Classical vs Modern – Part 1

In an earlier post about the album It’s A Beautiful Day, I quoted David LaFlamme’s remarks about “the world of Classical music” at that time. His story illustrates the point that there is a world of classical music, and there is a separate world of modern music. The two worlds operate very differently. Let’s compare classical and modern musical settings.

“Classical music” is a catch-all term for orchestral music from the renaissance to 1900, and includes the Baroque and Romantic eras. Settings which incorporate classical working methods include symphonies, youth orchestras, TV and radio orchestras, chamber groups, choirs, marching bands, big bands, stage/lab bands, theaters and nearly all school music programs.

The “classical world” is the world of piano accompanists, band directors, professors, conductors, composers, arrangers and union musicians. It’s UIL competitions and challenging for first chair. It’s the Longines Symphonette, the Van Cliburn International Piano Competition, Broadway show tunes, operas, ballets and film scores. It’s everything from the comic pretenses of Spike Jones to the comical pretensions of Lawrence Welk. (Myron Floren was the coolest musician on that show, and I told him so in person once.) The most coveted professional positions in this world are chairs in established symphony orchestras, and academic positions.

The world of classical music is based on an established literature, some of it going back hundreds of years, all neatly bound and cataloged. Today, practically all classical music has been digitized. Learning to read music is an end in itself, because everything in the classical world centers on the printed page. If you want to be a part of this world, then reading music has to become second nature.

The Modern, non-classical music world includes campfire and round-table jams, and open mics. It’s the world of rock, country and blues cover bands, battles of the bands, and recording sessions. It’s the world of drum kits and electrified instruments. It’s club gigs, house concerts, music festivals, jingles, and concert tours. It’s independent musicians and songwriters, the  unschooled and the unsigned. It’s dynamic, spontaneous, and unpredictable. If there’s a new song on the radio this afternoon, you’ve got to be ready to play it on stage tonight.

Until recently, for most modern musicians, the ultimate professional goal was to get a recording contract. But now there are many other avenues for monetizing music. In the digital age, more independent musicians are entrepreneurs, though this angle is lost on most private music schools.

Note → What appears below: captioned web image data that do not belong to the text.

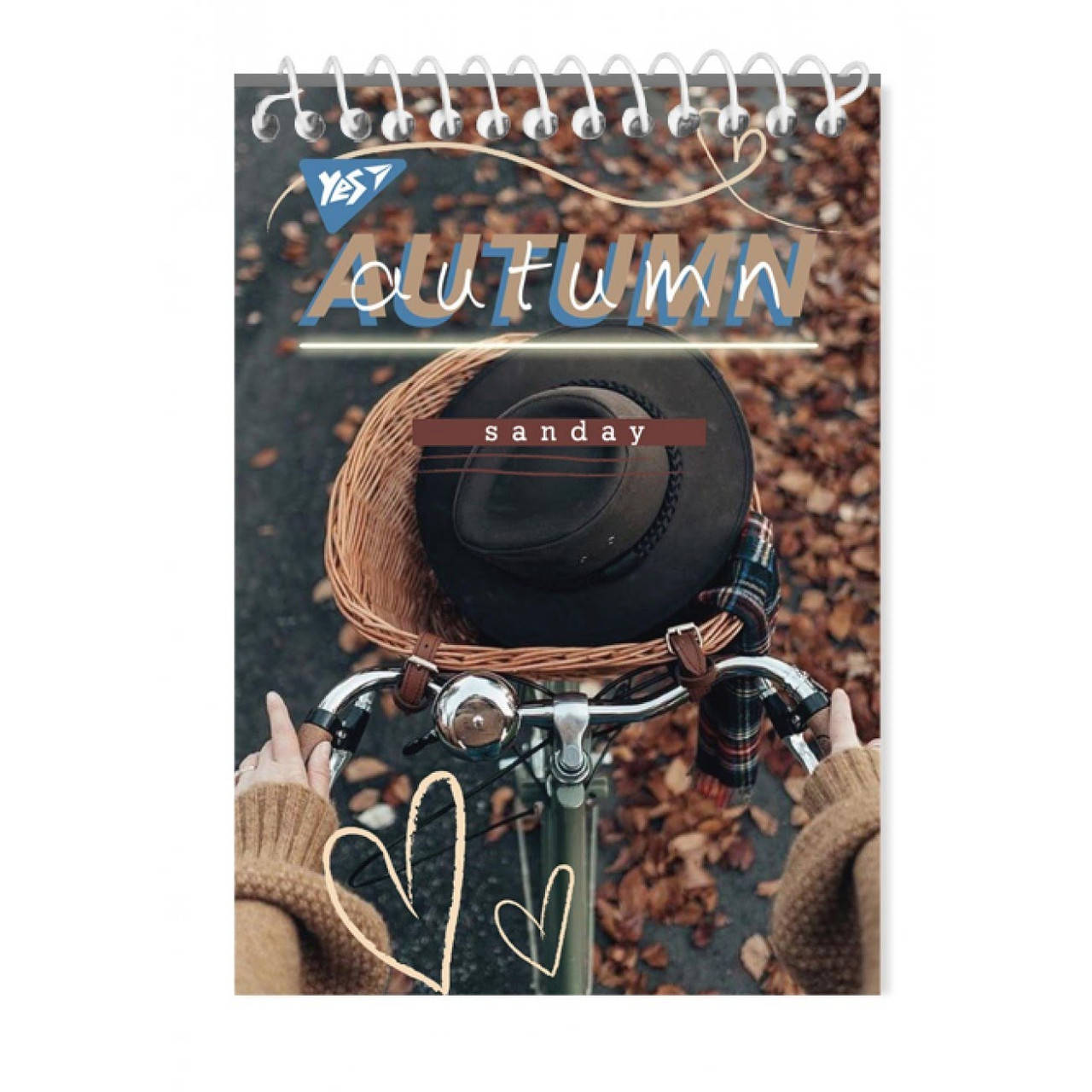 

Блокнот пруж. A6 80арк. Autumn №681532/Yes/(6)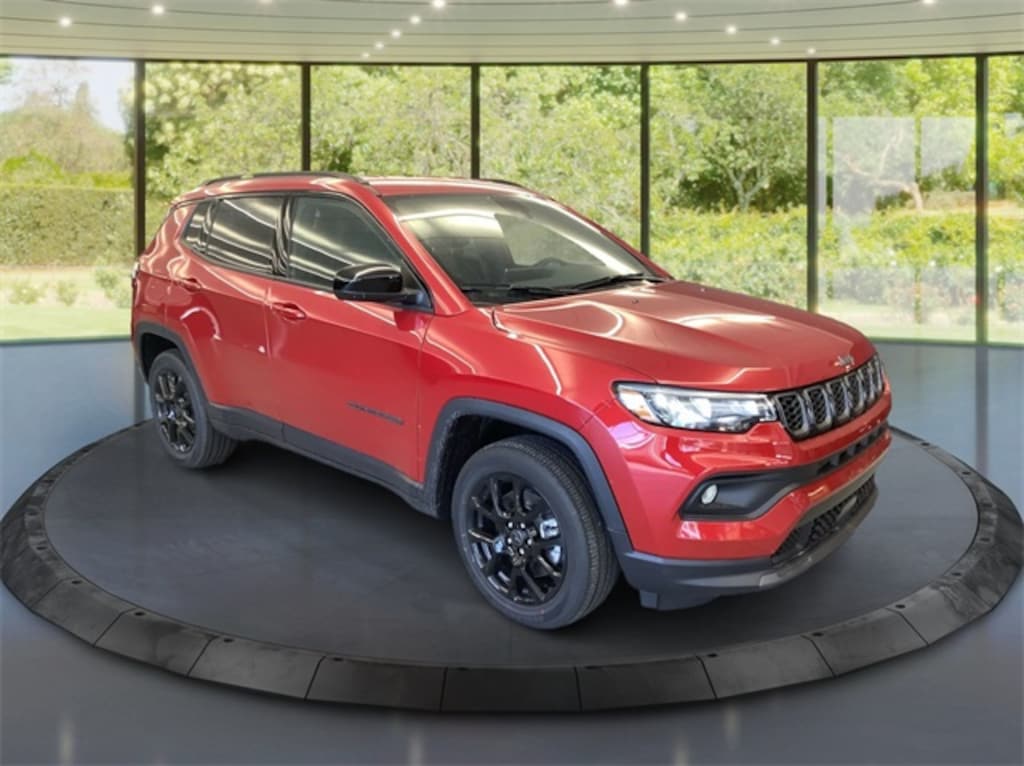 New 2026 Jeep Compass Latitude Sport Utility
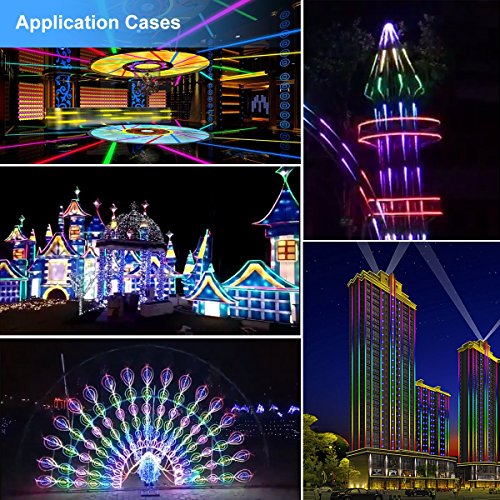 Image of ALITOVE 16.4ft WS2812B Addressable Programmable Digital RGB LED Strip Light 30 LED /M 5m 150 Pixels Dream Color LED Flexible Strip Waterproof IP65 5VDC for Home Bedroom Bar Decor Lighting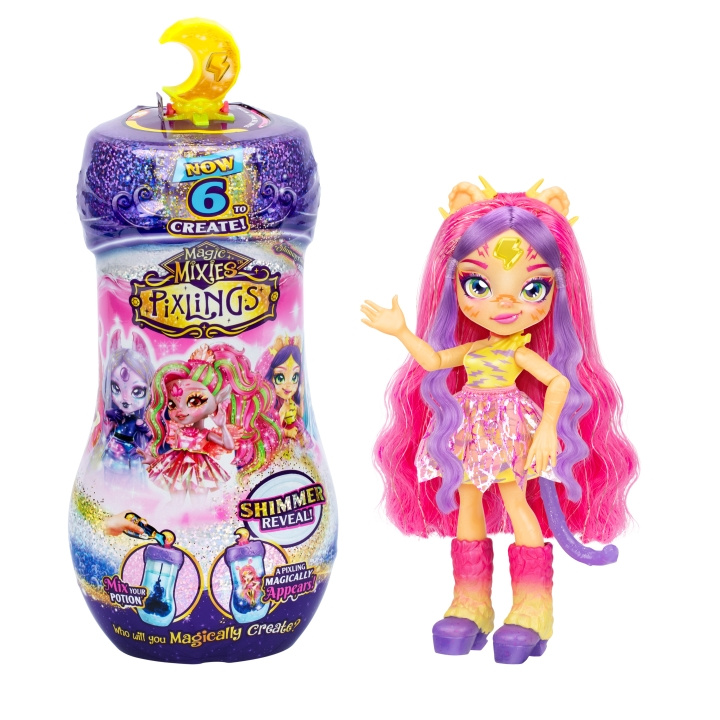 Magic Mixies Pixlings Shimmerverse pop Tiggz - (30584) in de groep SPEELGOED, KINDER- & BABYPRODUCTEN / Speelgoed / Figuren, Miniaturen & accessoires bij TP E-commerce Nordic AB (D27943)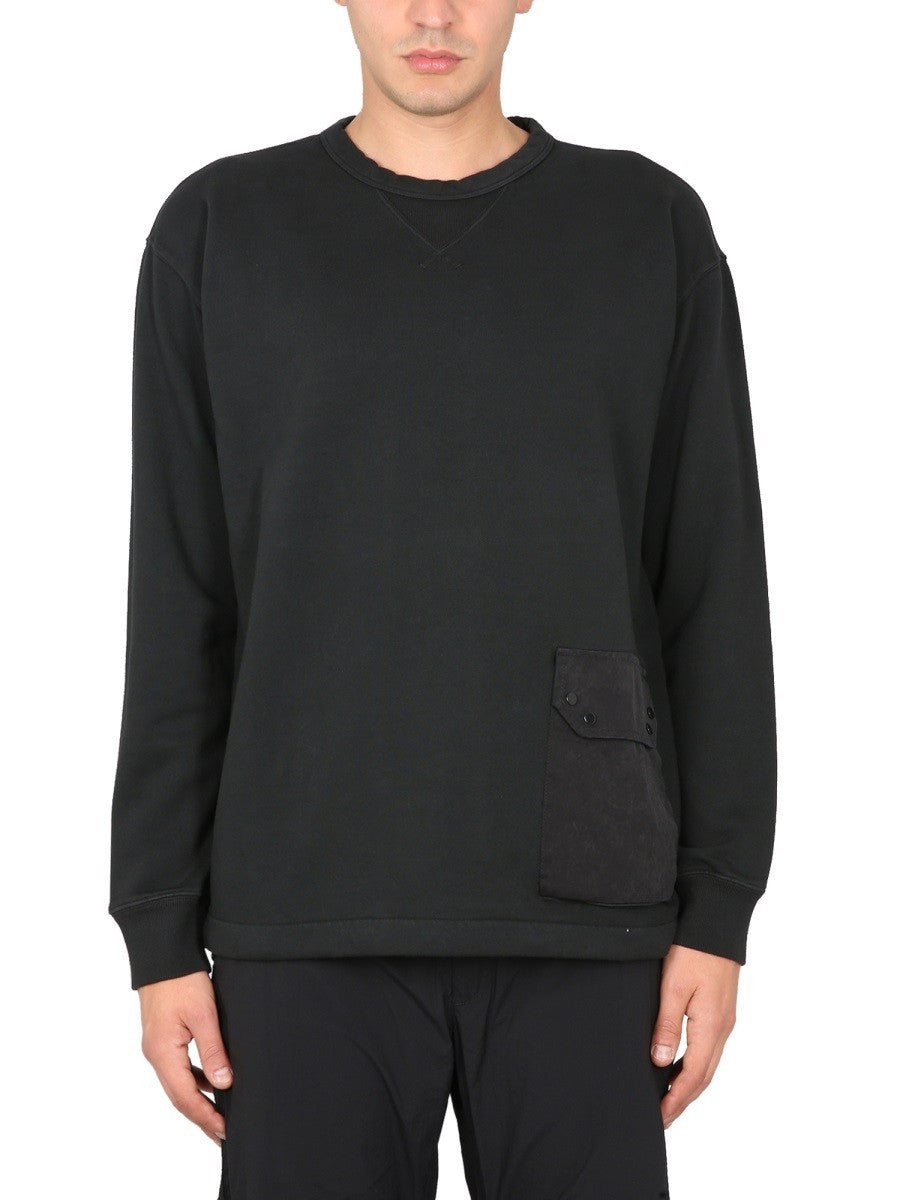 TEN C COTTON SWEATSHIRT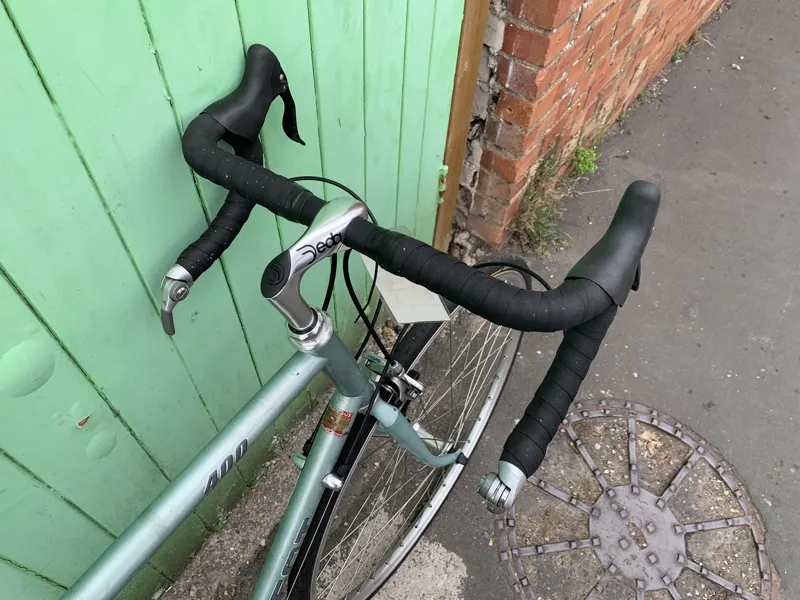 Peugeot Competition 400 Columbus Audax Bike Blue 61cm XL-3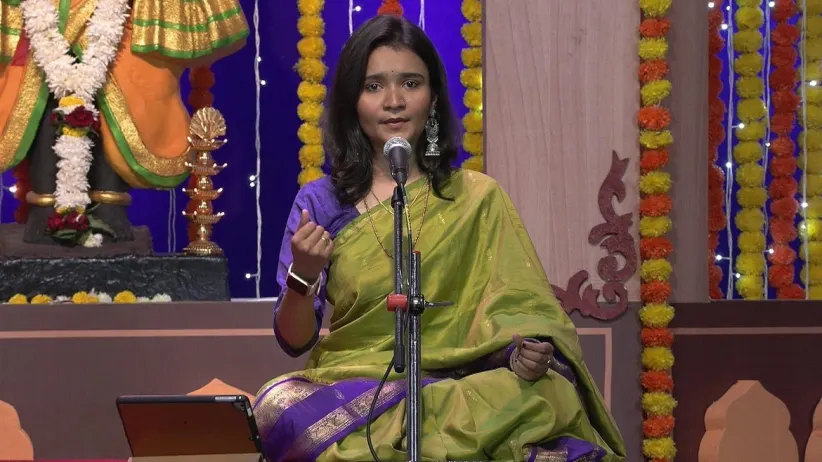 A Song Written by Madhurinath Maharaj Is Sung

In the modern music world, you can’t rely on store-bought sheet music. It is possible to buy published note-for-note transcriptions, by instrument, for any song in the Metallica catalog. But groups like Metallica are the exceptions to the rule. Published note-for-note transcriptions of instrumental parts are available only for songs by the top groups on a few major recording labels. For most rock, country and jazz recordings, there are no published note-for-note transcriptions of individual parts, because scoring isn’t part of the creative process to begin with. The after-the-fact transcriptions they sell in music stores are strictly for the lesson market. Other than transcribed keyboard parts, professionals practically never use them. For most recorded modern music, across all genres, there are no note-for-note transcriptions of individual parts, published or otherwise.

Staff notation plays little part in the rock music world. For some musicians, it plays no part at all. Modern musicians also have the choice of tablature, chord charts, or number charts, if they use written notes at all.